- IFC has introduced a pilot project in Afghanistan under its Lighting Afghanistan initiative and introduce pay-as-you-go solar home systems
- Light will provide small solar arrays and batteries for the project that carry quality certification from IFC’s Lighting Global Program
- Pilot project will be launched initially for homeowners in the provinces of Nangarhar and Kandahar and later it will be offered across the country
- Through the program, the IFC says the target is to provide energy access to some 60% of the nation’s population
The International Finance Corporation (IFC) of the World Bank Group has launched a pilot program to introduce pay-as-you-go (PAYG) solar home systems (SHS) in Afghanistan. Through this small-scale solar power program for homeowners, the idea is to provide electricity to some of the nearly 20 million off-grid Afghans, that’s nearly 60% of the total population of the country.
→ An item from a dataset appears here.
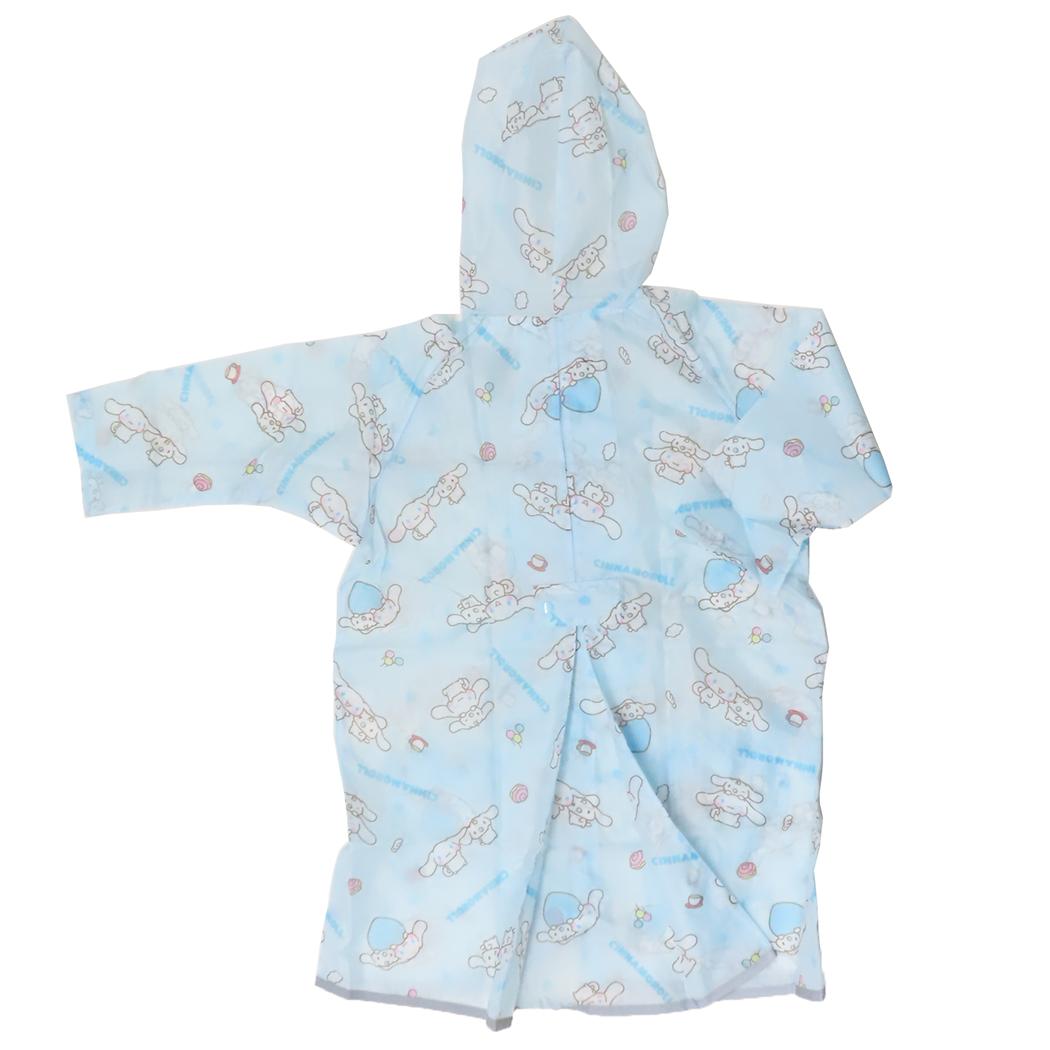 リュック ランドセルが背負えるレインコート 子供用 レインウェア シナモロール いつもいっしょのお友だち サンリオ スケーター キッズ 子ども用 雨合羽 メール便可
Afghans will be able to pay for the electricity they consume through the solar home systems, in small monthly installments. Electricity will be generated by small solar arrays and batteries. These systems will come from SHS supplier d.Light that’s collaborating with the IFC’s Lighting Afghanistan program, the Afghan Wireless Communications Company (AWCC) and the Global System for Mobile Communications (GSMA) for this pilot project.
Initially, this program will be launched for homeowners in the provinces of Nangarhar and Kandahar. Post the pilot phase, the program will be offered across the country.
The Lighting Afghanistan is part of the IFC’s Lighting Global program under which IFC works towards increasing access to off-grid solar energy for 1 billion off-grid people globally. Quality certification for d.Light systems comes from Lighting Global program.
“In Afghanistan, difficult terrain, the dispersed nature of rural communities, and a precarious security situation make it extremely difficult to expand the national power grid,” said Marco Indelicato, IFC program manager of Lighting Afghanistan. “Solar home systems, however, can provide Afghans with a reliable, cost-effective source of electricity, which is a crucial first step in fighting poverty and creating economic opportunities.”
The IFC is also helping Afghanistan design and tender 40 MW solar power project in the country to prepare a model for the nation to reach its 2 GW solar power target (see IFC Backs 40 MW PV Project In Afghanistan).